Per la lepre italica è stato elaborato uno specifico Piano d’Azione Nazionale a cura dal Ministero dell’Ambiente e Tutela del Territorio e del Mare e dell’Istituto Superiore per la protezione e la Ricerca Ambientale, che  inserisce tra le priorità l’aggiornamento delle conoscenze sulla distribuzione della specie per mettere in atto azioni dirette di conservazione e gestione della specie stessa.

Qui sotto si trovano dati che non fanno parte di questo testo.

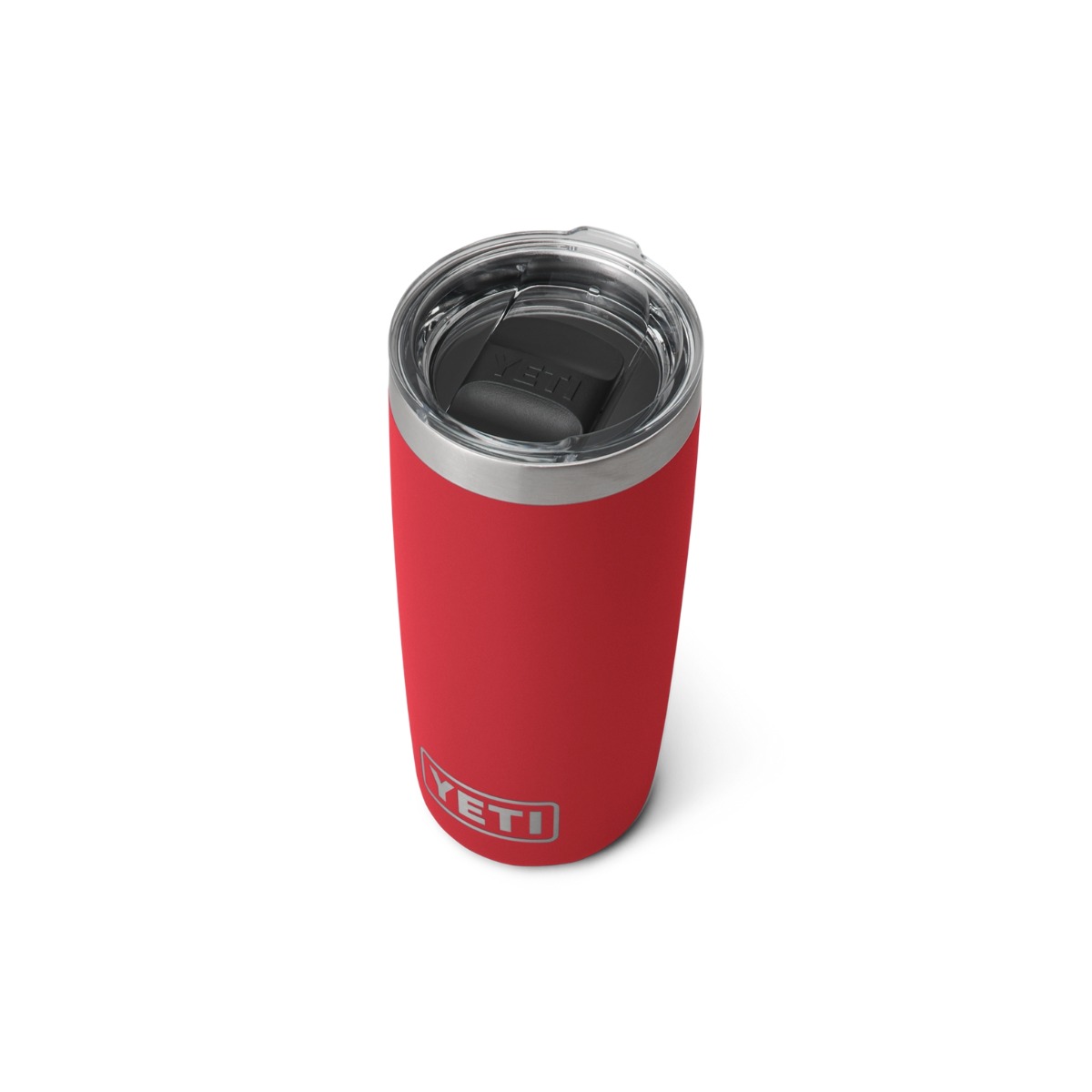 YETI 10oz (295ml) Tumbler with MagSlider™ Lid
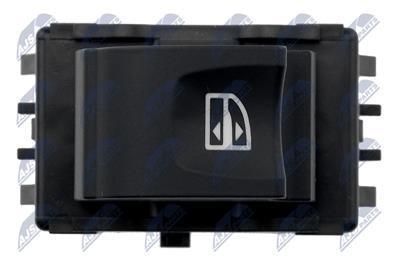 NTY EWS-RE-041 EAN: 5902048111562.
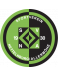 Nettelnburg U19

A partire dal 2015 la presenza della lepre italica nel PNALM è stata indagata su 7 aree campione con l’uso di fototrappole e/o indagini genetiche su feci fresche raccolte su neve. Le analisi genetiche vengono svolte dal Dipartimento di Biologia dell’Università degli Studi di Napoli Federico II, partner con una lunga esperienza di ricerca sulla lepre. La lepre italica risulta presente in 5 delle 7 aree indagate, ma nel corso del 2020  le indagini verranno ripetute nelle 2 aree in cui non è stata rilevata la presenza per essere certi dei risultati.